##### RECORDS FOR THIS TASK #####

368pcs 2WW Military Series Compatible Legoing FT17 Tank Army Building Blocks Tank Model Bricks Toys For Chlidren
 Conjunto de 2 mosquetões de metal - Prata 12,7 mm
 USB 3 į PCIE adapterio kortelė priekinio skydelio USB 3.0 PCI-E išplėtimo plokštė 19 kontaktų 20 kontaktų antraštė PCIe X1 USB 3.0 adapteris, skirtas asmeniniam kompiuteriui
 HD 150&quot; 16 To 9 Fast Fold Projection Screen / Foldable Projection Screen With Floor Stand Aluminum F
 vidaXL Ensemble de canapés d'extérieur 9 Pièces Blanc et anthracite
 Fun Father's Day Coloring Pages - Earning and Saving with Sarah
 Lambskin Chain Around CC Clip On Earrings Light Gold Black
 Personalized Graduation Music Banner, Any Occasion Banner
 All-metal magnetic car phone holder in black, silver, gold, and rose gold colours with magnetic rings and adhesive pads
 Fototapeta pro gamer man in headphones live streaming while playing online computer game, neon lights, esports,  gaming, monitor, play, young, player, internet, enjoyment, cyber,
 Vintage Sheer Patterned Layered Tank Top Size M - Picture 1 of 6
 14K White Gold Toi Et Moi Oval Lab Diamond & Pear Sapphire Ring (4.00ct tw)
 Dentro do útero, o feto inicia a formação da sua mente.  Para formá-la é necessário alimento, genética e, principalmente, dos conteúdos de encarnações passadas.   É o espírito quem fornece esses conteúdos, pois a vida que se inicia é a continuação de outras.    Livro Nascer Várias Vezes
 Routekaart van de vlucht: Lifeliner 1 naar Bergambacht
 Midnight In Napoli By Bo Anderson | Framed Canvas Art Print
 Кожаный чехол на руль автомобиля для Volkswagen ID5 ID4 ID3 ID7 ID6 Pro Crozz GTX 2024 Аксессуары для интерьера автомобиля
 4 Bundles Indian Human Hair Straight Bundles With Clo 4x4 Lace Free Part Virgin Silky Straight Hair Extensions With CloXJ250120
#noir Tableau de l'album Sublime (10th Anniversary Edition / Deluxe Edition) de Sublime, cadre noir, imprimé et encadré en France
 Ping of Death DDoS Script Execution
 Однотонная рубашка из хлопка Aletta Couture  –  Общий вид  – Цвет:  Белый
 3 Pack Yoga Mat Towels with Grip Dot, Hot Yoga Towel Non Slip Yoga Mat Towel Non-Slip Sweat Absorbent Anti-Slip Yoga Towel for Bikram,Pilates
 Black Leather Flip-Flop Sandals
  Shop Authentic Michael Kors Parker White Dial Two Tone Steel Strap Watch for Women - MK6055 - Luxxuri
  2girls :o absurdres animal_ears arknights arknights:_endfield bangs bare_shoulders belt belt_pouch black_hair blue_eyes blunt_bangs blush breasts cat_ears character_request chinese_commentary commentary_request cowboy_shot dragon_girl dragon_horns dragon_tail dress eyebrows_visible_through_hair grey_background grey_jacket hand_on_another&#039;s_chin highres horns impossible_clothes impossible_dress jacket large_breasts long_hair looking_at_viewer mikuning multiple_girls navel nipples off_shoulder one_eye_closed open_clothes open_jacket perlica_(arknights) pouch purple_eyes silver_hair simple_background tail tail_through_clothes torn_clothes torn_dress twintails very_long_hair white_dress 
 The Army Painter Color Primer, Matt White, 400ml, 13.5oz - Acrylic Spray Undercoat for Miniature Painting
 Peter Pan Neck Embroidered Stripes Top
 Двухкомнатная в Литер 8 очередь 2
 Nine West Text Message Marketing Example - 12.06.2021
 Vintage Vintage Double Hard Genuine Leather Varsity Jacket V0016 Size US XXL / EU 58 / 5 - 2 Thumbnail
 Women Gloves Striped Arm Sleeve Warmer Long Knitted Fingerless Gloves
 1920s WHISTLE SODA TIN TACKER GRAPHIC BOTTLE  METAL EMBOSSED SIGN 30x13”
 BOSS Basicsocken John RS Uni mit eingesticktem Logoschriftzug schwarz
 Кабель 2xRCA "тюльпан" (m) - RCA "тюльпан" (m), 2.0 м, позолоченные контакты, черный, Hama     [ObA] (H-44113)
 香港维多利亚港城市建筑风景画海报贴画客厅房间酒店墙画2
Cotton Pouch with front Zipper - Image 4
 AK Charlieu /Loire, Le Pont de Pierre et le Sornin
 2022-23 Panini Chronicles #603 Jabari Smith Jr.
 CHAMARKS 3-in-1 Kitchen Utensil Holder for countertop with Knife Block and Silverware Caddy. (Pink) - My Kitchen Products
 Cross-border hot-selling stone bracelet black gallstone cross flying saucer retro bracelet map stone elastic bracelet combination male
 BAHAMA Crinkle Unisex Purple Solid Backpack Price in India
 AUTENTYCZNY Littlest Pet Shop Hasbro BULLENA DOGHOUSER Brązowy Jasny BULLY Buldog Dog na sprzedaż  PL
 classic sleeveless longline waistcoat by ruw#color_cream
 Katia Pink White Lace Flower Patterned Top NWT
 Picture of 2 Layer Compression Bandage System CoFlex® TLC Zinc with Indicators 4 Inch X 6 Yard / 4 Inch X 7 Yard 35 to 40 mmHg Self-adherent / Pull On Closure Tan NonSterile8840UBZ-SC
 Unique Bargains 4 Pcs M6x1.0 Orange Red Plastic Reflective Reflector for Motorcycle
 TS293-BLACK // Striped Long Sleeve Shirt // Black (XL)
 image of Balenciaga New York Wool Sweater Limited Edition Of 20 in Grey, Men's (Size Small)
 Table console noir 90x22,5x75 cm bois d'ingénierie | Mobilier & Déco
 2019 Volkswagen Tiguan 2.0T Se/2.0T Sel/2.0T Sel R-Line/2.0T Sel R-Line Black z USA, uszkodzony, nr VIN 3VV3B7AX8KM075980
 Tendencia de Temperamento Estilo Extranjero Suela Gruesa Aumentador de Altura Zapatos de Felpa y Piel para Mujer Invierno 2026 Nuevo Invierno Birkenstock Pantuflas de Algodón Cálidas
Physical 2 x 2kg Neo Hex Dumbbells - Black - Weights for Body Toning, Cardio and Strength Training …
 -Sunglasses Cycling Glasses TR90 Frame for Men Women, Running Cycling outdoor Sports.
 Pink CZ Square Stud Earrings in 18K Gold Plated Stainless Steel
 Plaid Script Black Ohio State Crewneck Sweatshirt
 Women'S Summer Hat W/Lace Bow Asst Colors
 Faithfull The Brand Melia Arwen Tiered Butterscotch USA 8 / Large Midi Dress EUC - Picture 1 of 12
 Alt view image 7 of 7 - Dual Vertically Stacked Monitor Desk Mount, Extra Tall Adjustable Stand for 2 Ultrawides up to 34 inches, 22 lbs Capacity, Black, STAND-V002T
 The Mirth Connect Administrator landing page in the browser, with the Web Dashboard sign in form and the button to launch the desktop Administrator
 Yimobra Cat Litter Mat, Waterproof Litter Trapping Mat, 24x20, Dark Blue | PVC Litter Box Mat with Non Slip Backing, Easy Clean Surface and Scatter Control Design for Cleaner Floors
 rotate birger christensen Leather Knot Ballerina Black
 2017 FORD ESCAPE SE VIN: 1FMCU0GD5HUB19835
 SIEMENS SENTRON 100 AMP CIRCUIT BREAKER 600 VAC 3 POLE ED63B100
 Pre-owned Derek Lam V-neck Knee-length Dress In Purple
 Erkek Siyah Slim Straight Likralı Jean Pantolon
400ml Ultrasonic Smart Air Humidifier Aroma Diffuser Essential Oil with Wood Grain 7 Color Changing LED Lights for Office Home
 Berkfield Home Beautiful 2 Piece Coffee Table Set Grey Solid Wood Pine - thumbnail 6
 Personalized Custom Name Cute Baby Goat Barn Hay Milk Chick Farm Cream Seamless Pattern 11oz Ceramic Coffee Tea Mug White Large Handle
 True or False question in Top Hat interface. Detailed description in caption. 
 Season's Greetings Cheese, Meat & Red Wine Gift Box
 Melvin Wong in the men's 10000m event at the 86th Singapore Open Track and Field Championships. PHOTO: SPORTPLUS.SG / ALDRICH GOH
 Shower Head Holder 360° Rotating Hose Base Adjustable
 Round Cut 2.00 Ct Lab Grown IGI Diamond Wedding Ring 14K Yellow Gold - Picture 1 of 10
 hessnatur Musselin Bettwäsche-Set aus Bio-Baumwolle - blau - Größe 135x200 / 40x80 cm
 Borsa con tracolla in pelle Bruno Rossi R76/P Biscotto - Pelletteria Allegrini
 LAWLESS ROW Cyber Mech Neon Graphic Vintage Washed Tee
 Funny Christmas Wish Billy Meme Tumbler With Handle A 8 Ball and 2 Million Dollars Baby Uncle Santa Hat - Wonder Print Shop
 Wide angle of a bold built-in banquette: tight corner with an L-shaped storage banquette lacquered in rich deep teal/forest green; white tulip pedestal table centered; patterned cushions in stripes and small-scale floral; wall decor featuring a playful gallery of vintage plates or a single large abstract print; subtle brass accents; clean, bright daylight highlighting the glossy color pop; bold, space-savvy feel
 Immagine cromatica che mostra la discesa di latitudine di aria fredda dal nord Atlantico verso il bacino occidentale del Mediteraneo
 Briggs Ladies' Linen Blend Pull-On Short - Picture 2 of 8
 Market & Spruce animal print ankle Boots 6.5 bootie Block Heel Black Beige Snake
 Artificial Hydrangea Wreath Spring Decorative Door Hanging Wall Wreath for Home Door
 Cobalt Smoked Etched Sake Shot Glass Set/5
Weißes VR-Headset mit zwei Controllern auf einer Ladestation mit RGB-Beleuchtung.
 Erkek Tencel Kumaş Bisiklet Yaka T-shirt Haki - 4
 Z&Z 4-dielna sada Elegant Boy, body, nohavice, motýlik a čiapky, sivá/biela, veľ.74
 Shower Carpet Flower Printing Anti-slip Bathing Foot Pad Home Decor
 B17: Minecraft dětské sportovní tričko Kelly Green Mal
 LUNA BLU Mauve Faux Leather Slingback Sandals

#####

→ TASK GOAL
The required output is the stretch of entries above from the line containing "Pink CZ Square" through the line containing "rotate birger christensen", reproduced exactly.

→ ANSWER TO THE EXERCISE
 Pink CZ Square Stud Earrings in 18K Gold Plated Stainless Steel
 Plaid Script Black Ohio State Crewneck Sweatshirt
 Women'S Summer Hat W/Lace Bow Asst Colors
 Faithfull The Brand Melia Arwen Tiered Butterscotch USA 8 / Large Midi Dress EUC - Picture 1 of 12
 Alt view image 7 of 7 - Dual Vertically Stacked Monitor Desk Mount, Extra Tall Adjustable Stand for 2 Ultrawides up to 34 inches, 22 lbs Capacity, Black, STAND-V002T
 The Mirth Connect Administrator landing page in the browser, with the Web Dashboard sign in form and the button to launch the desktop Administrator
 Yimobra Cat Litter Mat, Waterproof Litter Trapping Mat, 24x20, Dark Blue | PVC Litter Box Mat with Non Slip Backing, Easy Clean Surface and Scatter Control Design for Cleaner Floors
 rotate birger christensen Leather Knot Ballerina Black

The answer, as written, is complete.